Regulated degradation of Chk1 by chaperone-mediated autophagy in response to DNA damage

Caroline Park, Yousin Suh, Ana Maria Cuervo

Research output: Contribution to journalArticlepeer-review

158 Scopus citations


Chaperone-mediated autophagy (CMA) is activated in response to cellular stressors to prevent cellular proteotoxicity through selective degradation of altered proteins in lysosomes. Reduced CMA activity contributes to the decrease in proteome quality in disease and ageing. Here, we report that CMA is also upregulated in response to genotoxic insults and that declined CMA functionality leads to reduced cell survival and genomic instability.
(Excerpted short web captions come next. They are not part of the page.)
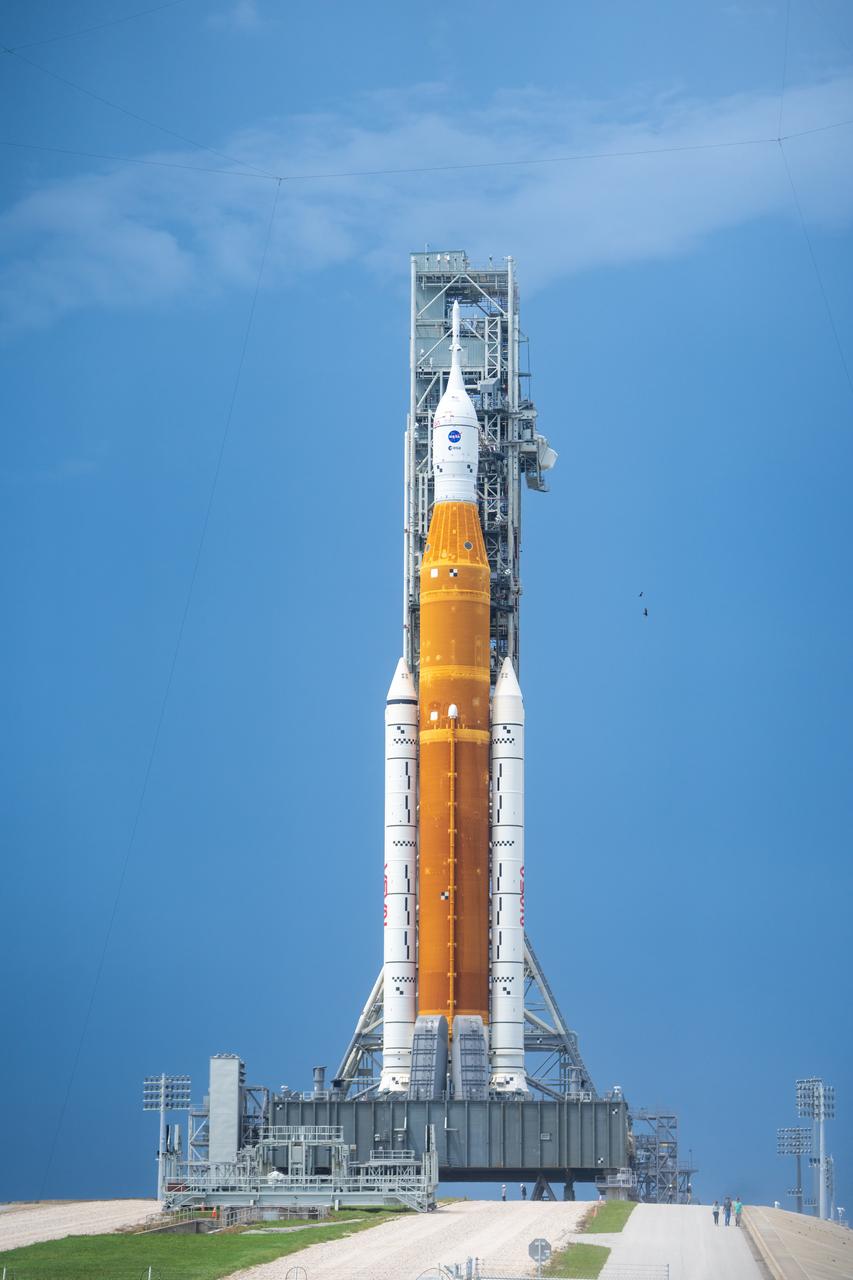 NASA’s Space Launch System (SLS) rocket with the Orion spacecraft aboard is seen atop the mobile launcher at Launch 39B at NASA’s Kennedy Space Center in Florida. Artemis I mission is the first integrated test of the agency’s deep space exploration systems: the Space Launch System rocket, Orion spacecraft, and supporting ground systems. The mission is the first in a series of increasingly complex missions to the Moon. Launch of the uncrewed flight test is targeted for no earlier than Aug. 29 at 8:33 a.m. ET. With Artemis missions, NASA will land the first woman and first person of color on the Moon, using innovative technologies to explore more of the lunar surface than ever before.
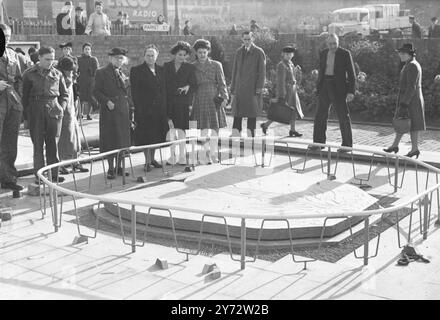 A Coventry è stata inaugurata una pietra incisa con la simbolica Fenice che sorge dalle ceneri, per segnare il centro della nuova città che sarà costruita dove i bombardieri Hitler hanno piovuto distruzione nel raid "Baedeker" del 1940. Conosciuta come la pietra livellante, è posta sul sito della casa dove nacque Dame Ellen Terry nel 1847. Sotto di esso ci sono una serie di documenti che saranno ispezionati tra 100 anni. L'immagine mostra i turisti che visitano la Levelling Stone in Stafford Street, Coventry. 6 novembre 1946 Foto Stock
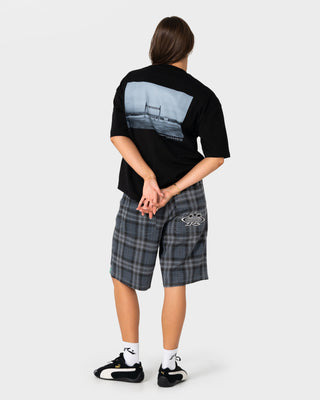 Model wearing King Waves Kill Short Sleeve Tee in Black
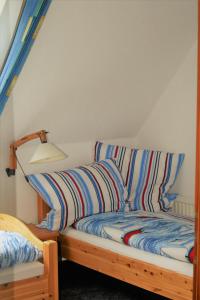 Кровать или кровати в номере Zur Schatztruhe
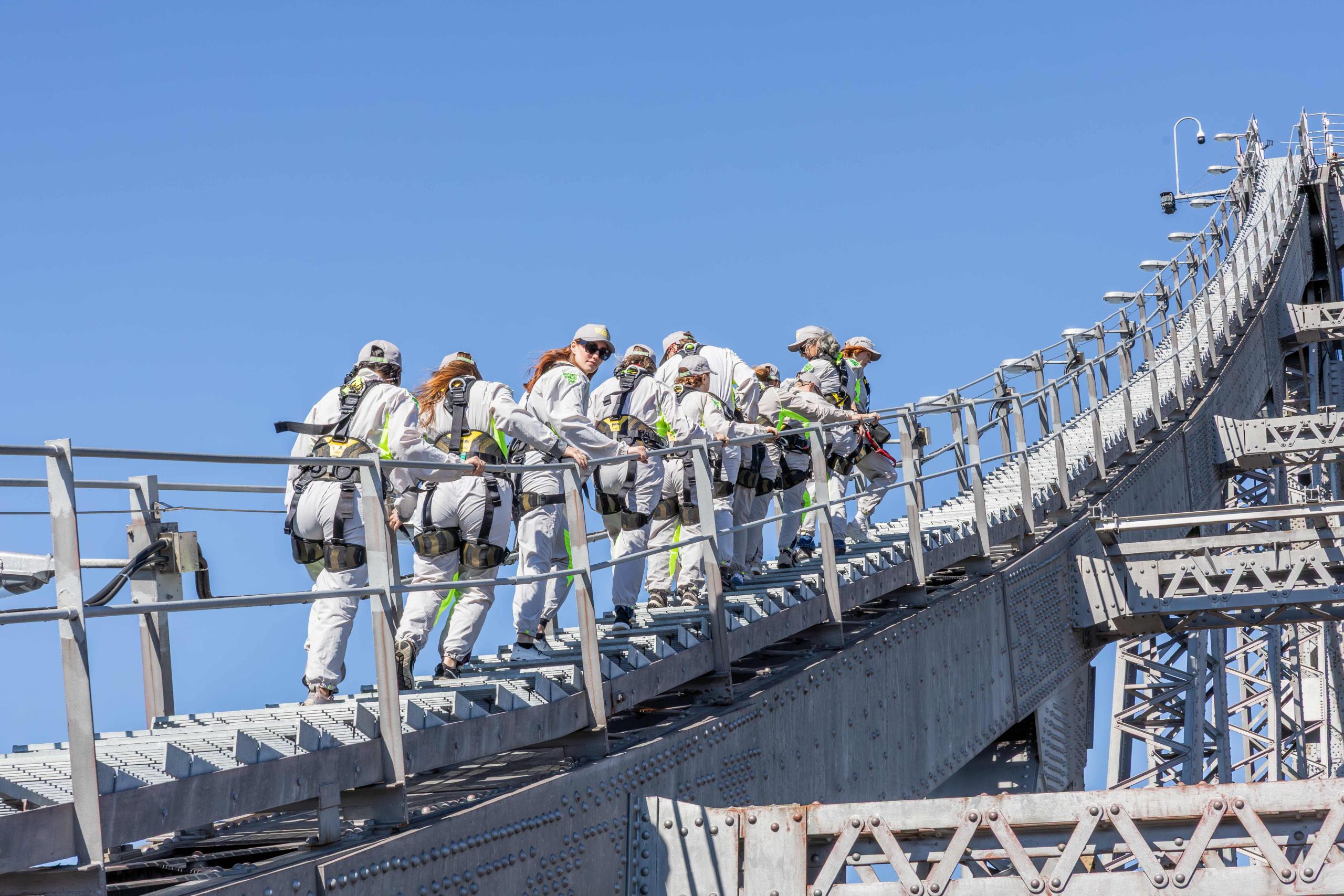Climbers in safety harnesses on the Story Bridge Adventure Climb with Brisbane River views below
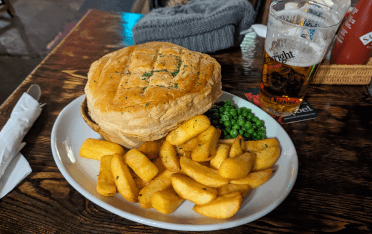 A pie and chips with a side of Wainwright's ale.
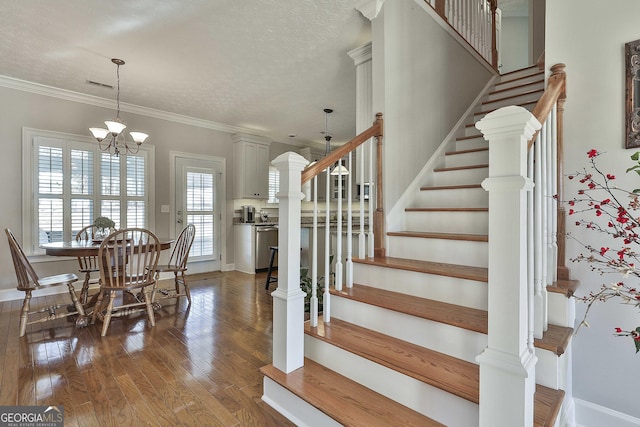 staircase featuring visible vents, a notable chandelier, ornamental molding, hardwood / wood-style flooring, and a textured ceiling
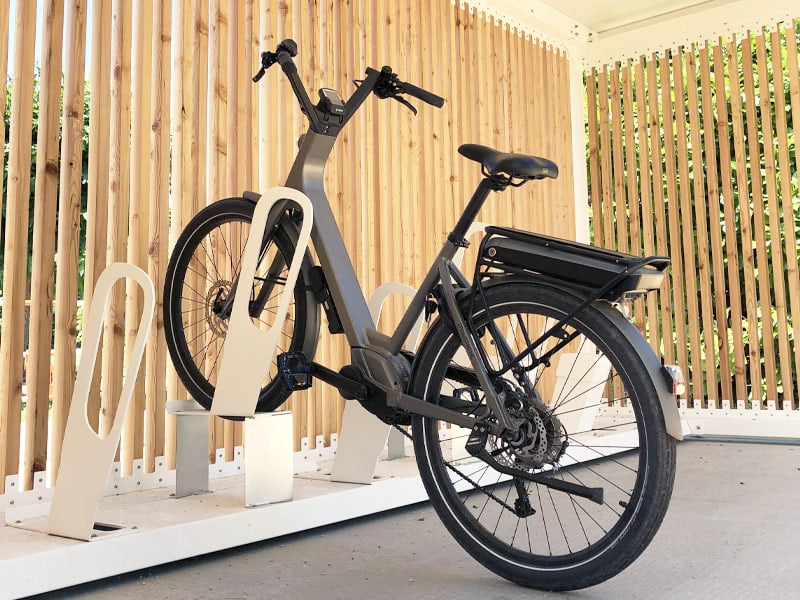Bicicletas en los portabicicletas simples ALTAO® Parco, bajo la marquesina abierta de la futura ruta ciclista de Condrieu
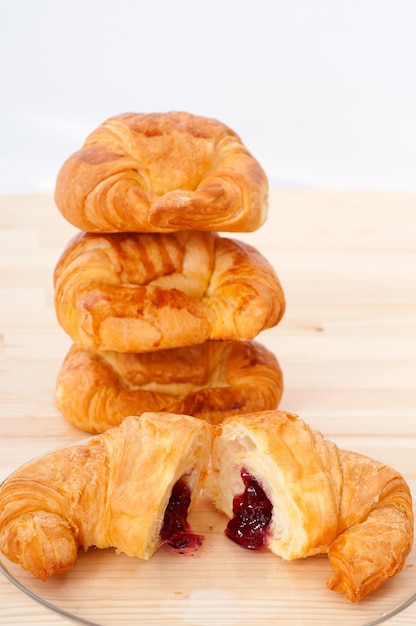 close-up of croissant served on table
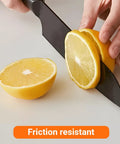 Person slicing a lemon with a black friction resistant knife on a white cutting board.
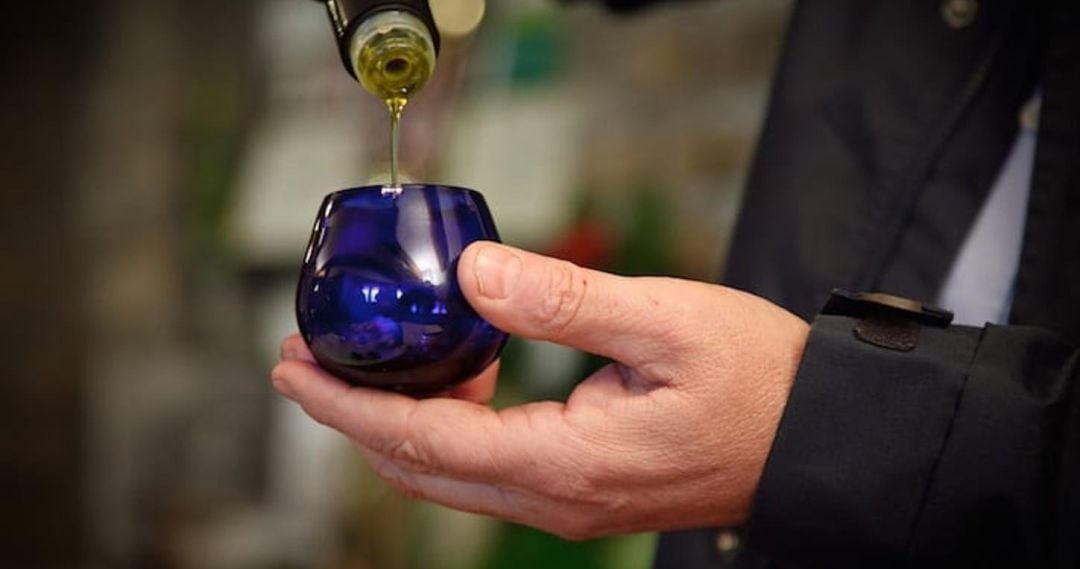 Un hombre echa aceite de oliva en un vaso de cata.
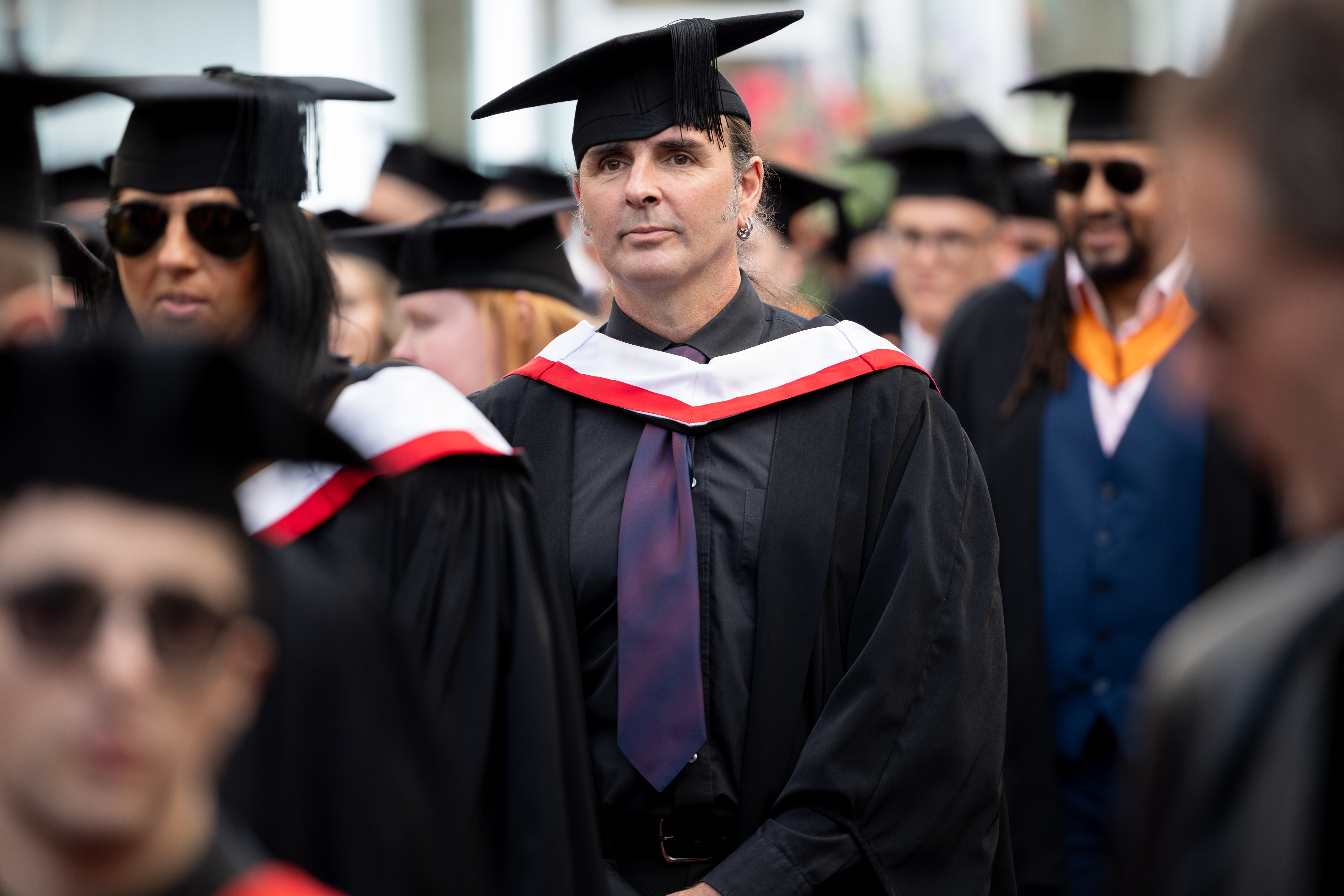 Highlands Professional - Graduate Student in the Graduation Parade
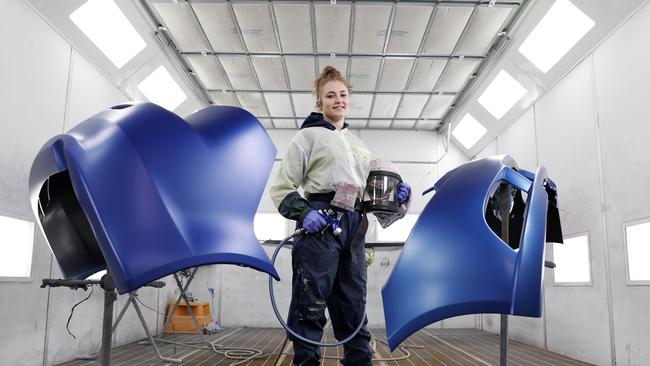 Car costs are risking, including for smash repairs. Apprentice spray painter Isabella Turrise. Picture: Jonathan Ng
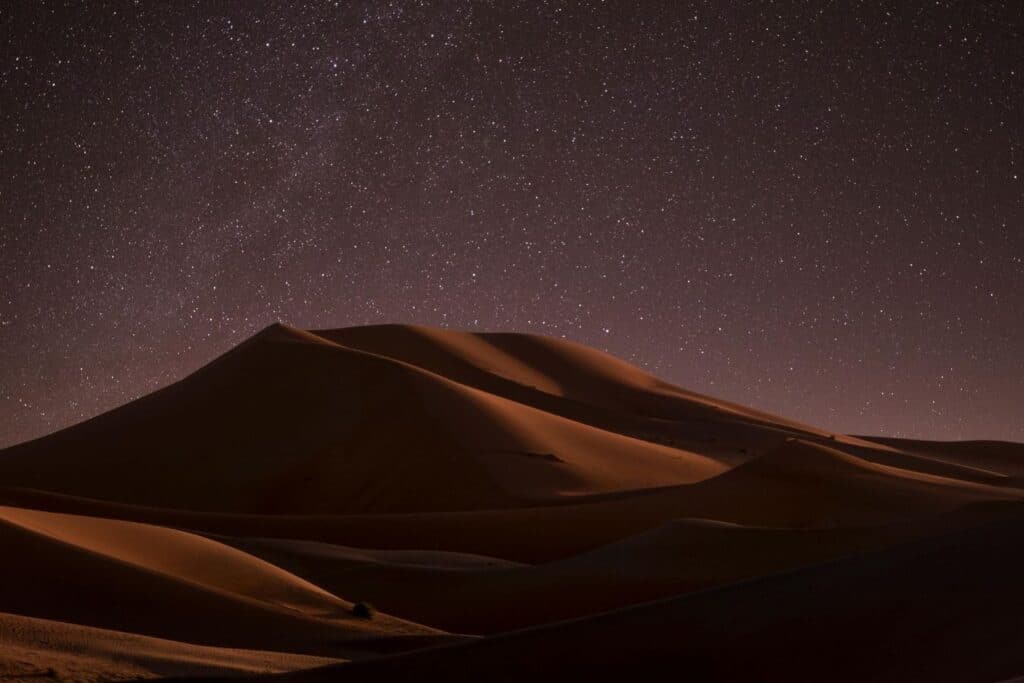 Starry night sky over sand dunes in the Moroccan Sahara, capturing the tranquility and beauty of the desert landscape in Merzouga or Zagora.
This role of CMA in genome quality control is exerted through regulated degradation of activated checkpoint kinase 1 (Chk1) by this pathway after the genotoxic insult. Nuclear accumulation of Chk1 in CMA-deficient cells compromises cell cycle progression and prolongs the time that DNA damage persists in these cells. Furthermore, blockage of CMA leads to hyperphosphorylation and destabilization of the MRN (Mre11-Rad50-Nbs1) complex, which participates in early steps of particular DNA repair pathways. We propose that CMA contributes to maintain genome stability by assuring nuclear proteostasis.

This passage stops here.